REQUIRED ACTION> In the entries that follow, the lines from the line containing "Suşehri'nde iki binanın çatısı yandı - SİVAS" up to and including the line containing "98 Edgewater Ct — Photo 10" must be copied exactly, with pictures omitted.

DATA UNDER STUDY>
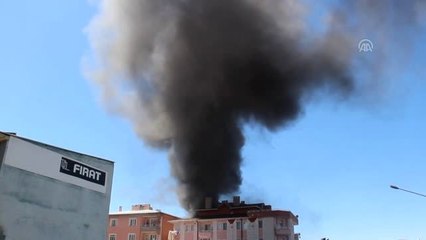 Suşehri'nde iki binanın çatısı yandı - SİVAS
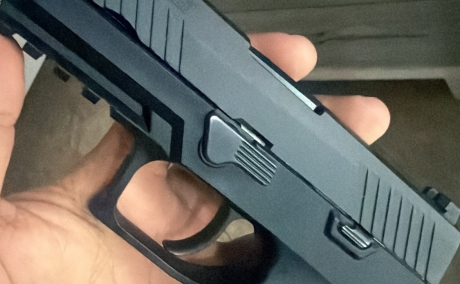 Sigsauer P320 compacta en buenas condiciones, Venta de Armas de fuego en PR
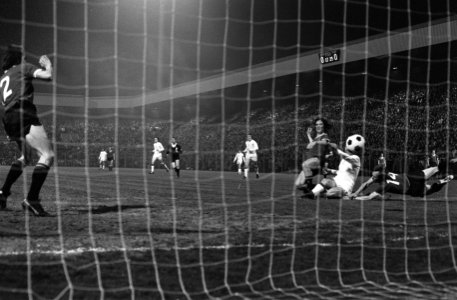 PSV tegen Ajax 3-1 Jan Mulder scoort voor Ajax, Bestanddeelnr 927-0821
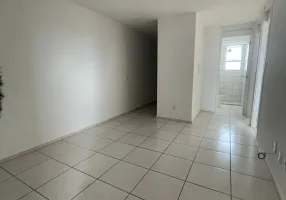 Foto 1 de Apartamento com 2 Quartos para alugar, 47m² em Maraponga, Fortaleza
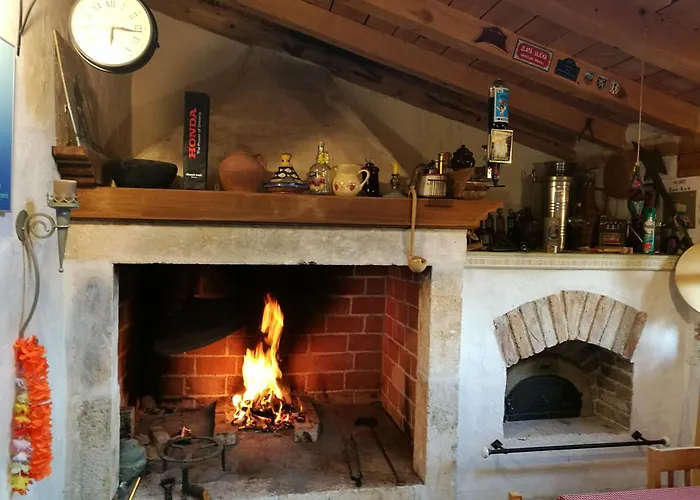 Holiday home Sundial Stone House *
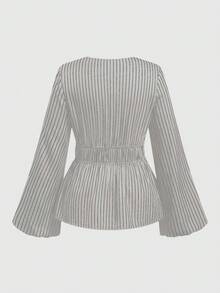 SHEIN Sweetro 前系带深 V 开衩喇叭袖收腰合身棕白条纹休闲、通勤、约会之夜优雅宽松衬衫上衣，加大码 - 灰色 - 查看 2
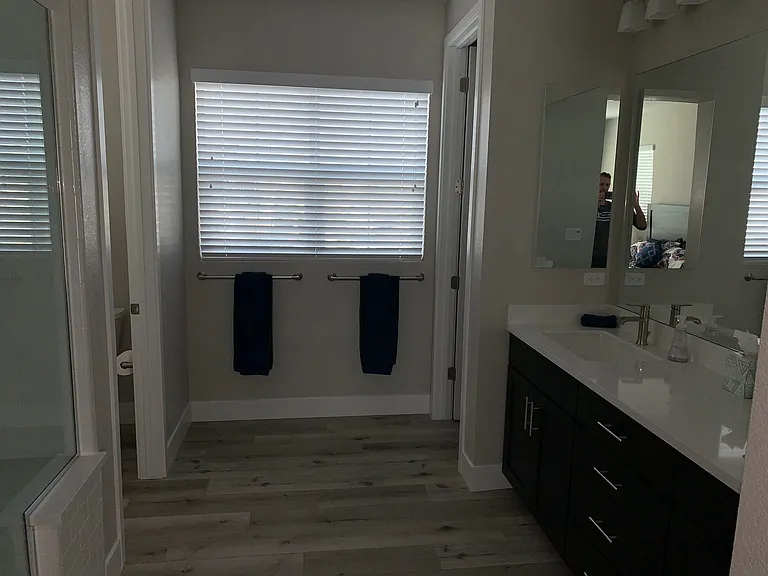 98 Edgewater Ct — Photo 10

--

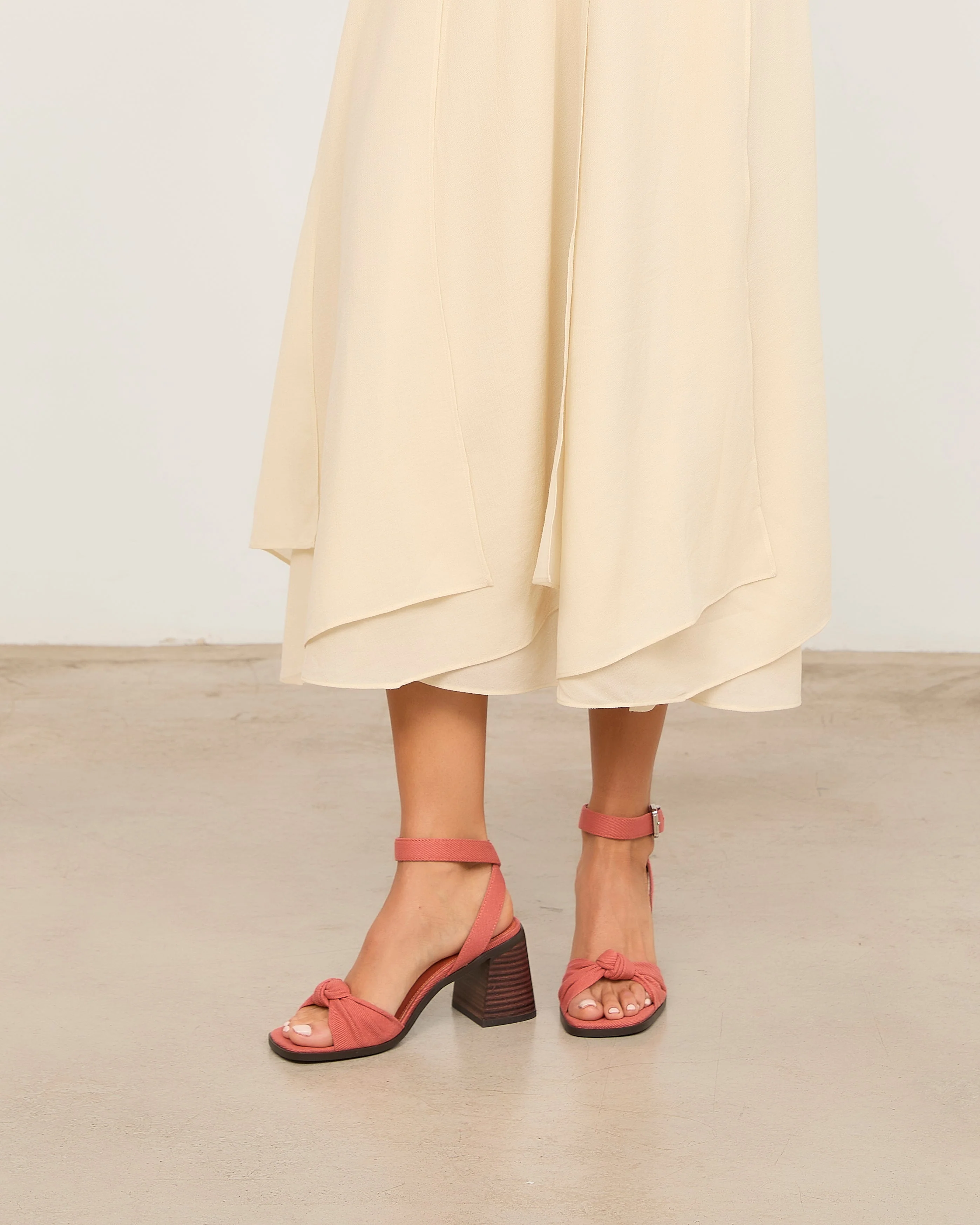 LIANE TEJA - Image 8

SOLUTION BELOW>
 Suşehri'nde iki binanın çatısı yandı - SİVAS
 Sigsauer P320 compacta en buenas condiciones, Venta de Armas de fuego en PR
 PSV tegen Ajax 3-1 Jan Mulder scoort voor Ajax, Bestanddeelnr 927-0821
 Foto 1 de Apartamento com 2 Quartos para alugar, 47m² em Maraponga, Fortaleza
 Holiday home Sundial Stone House *
 SHEIN Sweetro 前系带深 V 开衩喇叭袖收腰合身棕白条纹休闲、通勤、约会之夜优雅宽松衬衫上衣，加大码 - 灰色 - 查看 2
 98 Edgewater Ct — Photo 10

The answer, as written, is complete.